Daniel J. Sporer
On a large multi-million dollar project, it shows up in the cost reports. On a smaller project, the schedule may start to show specific activity schedule slippage. The same estimator developed the bid, the project scope has not changed and your most trusted foreman says he has excellent crews. You might be experiencing labor inefficiencies and probably don’t know it. The cost reports and schedules might tell you that it occurred, but it will require additional data / analysis to determine why it has occurred and who has caused it to prove entitlement and to calculate your recovery costs.
Labor inefficiencies can occur when numerous actions are experienced on a project. However, I am going to focus on the most common types of inefficiencies that result in recoverable cost:
“Out-of-sequence” work does not normally show up in project reports or on As-Built schedules. Performing “out-of sequence” work occurs when the availability and turnover of access points to work areas is prohibited by other contractors working in those areas prior to the start of the next scheduled work activity. Contractors are forced to build or install equipment “out-of sequence” and are forced to constantly increase or decrease staffing levels to minimize the effects of time lost while waiting for the availability of the scheduled work areas.
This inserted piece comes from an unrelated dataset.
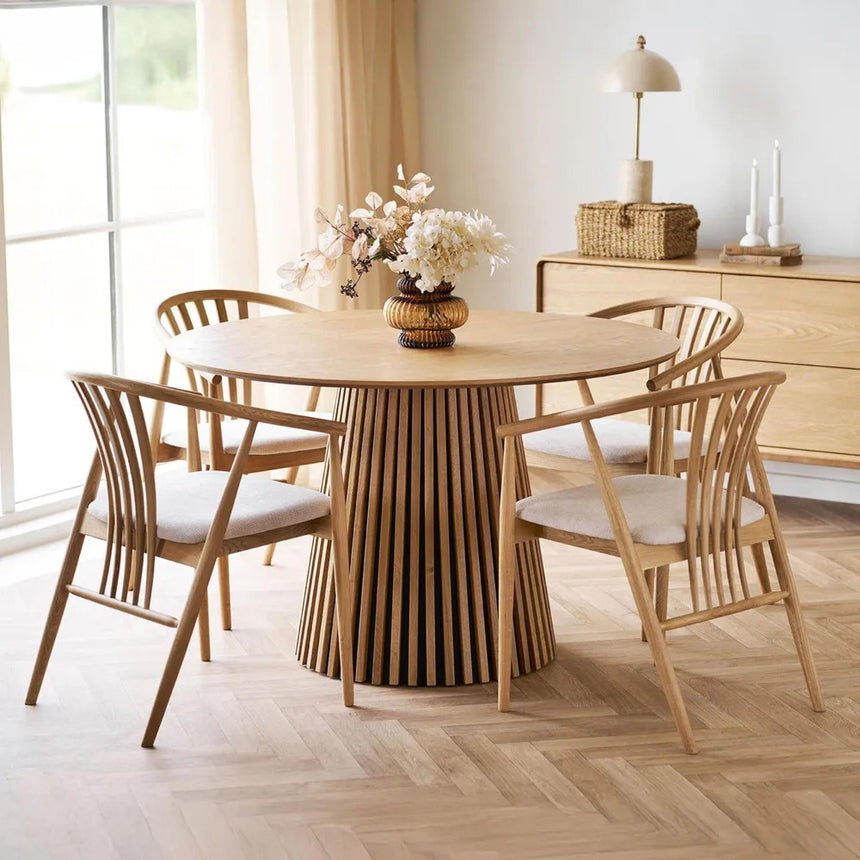 Osaka Round Dining Table - 4 Seater - 120cm - Slatted Base - Oak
An analogy of this type of inefficiency can be compared to installing railroad track. The most efficient method would be to start at one end and working continuously down the line laying track in sequence until reaching the final end point. Using this same scenario as an example of inefficiency, the track installer would place a few hundred feet of track then pick up and move his entire crew and all of their equipment 500 feet down the line and lay another few hundred feet of track in the next available work area, leaving sections of track uninstalled because the areas were not ready for the installation, thus creating “out-of sequence” working conditions. This event would happen repeatedly over the course of laying the railroad. Because of this piecemeal progression of the project, the installer would have to lay-off his workmen because work areas were not available and later rehire them when areas became available for installation. All the while the installer must ensure that all sections of the track ends would meet perfectly. With laser surveying, modern day equipment, and readily available craftsmen, this can be done, but it is not an efficient method of installation. Surely, this is not the method of installation a reasonable or competitive contractor would use to bid on a project.
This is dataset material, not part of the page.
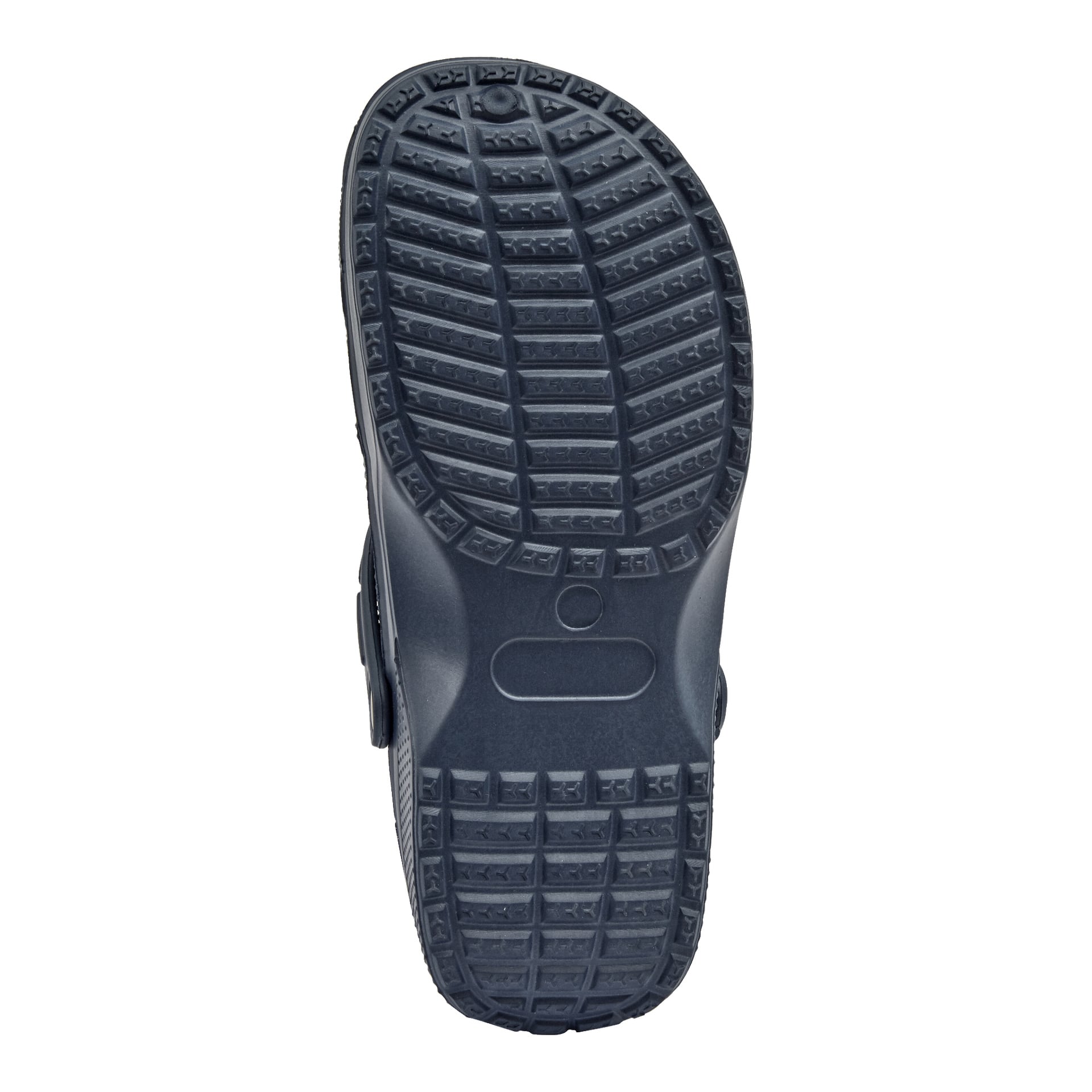 Bilden visar undersidan av Kayoba Outdoor Slippers, en slip-on-sko i mörk nyans från Kayoba Outdoor. Sulan har ett upprepat mönster av rektangulära spår och upphöjda sektioner utformade för att förbättra greppet över hela ytan.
Overtime is the use of labor in excess of 40 hours per person, per week. When a project is behind schedule, one of the most attempted solutions is overtime. When a schedule delay occurs, the owner usually agrees to compensate the contractor for the additional cost of the overtime differential. While this may be satisfactory for occasional overtime, this does not allow for the labor inefficiencies caused by overtime if worked excessively over an extended period of time. Working a prolonged overtime schedule can actually result in less work being accomplished than working a normal schedule. The Business Roundtable report states that by working continuous 60 hour weeks for 6 to 8 weeks you will reach a point where less work is accomplished than working a 40 hour week. This is called the “point of no return.” The U.S. Army Corps of Engineers has also published charts showing that as little as four successive weeks of overtime can reduce your productivity by up to 37%. When accepting an owners offer to pay for the differential cost of overtime, you have to consider the total hours that will be worked per week and the number of successive weeks the overtime will be performed.
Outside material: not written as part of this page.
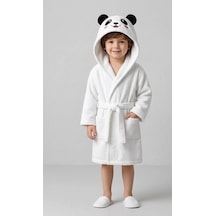 Hızlı Kurulayan Ve Üşütmeyen Doğal Pamuklu Kapüşonlu Çocuk Bornozu Sevimli Panda Serisi Beyaz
Weather inefficiencies that are compensable are a result of activities in a schedule which were planned for at one time period and are being shifted into another time period. The most common example is outside work in a northern climate being shifted from summer to winter working conditions. Workers are affected by cold weather both physically and physiologically. Other weather characteristics also affect worker performance such as relative humidity, length of daylight, wind, heat, and rain. In addition to a schedule shift by the owner, if abnormal weather conditions caused the schedule shift, these can also be compensable.
The above paragraphs discussed why the labor inefficiencies occurred and who they were caused by. But, to prove entitlement, you must submit evidence that the inefficiencies caused damage to you. You will now need to analyze the schedule and cost reports to determine the extent of your damages. A widely accepted method of measuring labor productivity losses is known as the “measured mile method”. “Measured Mile Process” by Thomas W. Presnell, C.C.C., published November 2003 in the Cost Engineering manual, describes in more detail previous cases where this method has been used. Mr. Presnell states in his article, “There are many methods used by contracting parties to deal with production inefficiencies issues, however the measured mile method is the most credible and widely accepted method.” The measured mile method usually compares the productivity on identical work items during impacted and un-impacted periods of the project to determine the loss of productivity resulting from the impact. However, sometimes it is not possible to use an un-impacted period of time for this comparison. When this occurs, base bids or un-impacted time periods can be used in combination with historical data to calculate the inefficiency damage that occurred.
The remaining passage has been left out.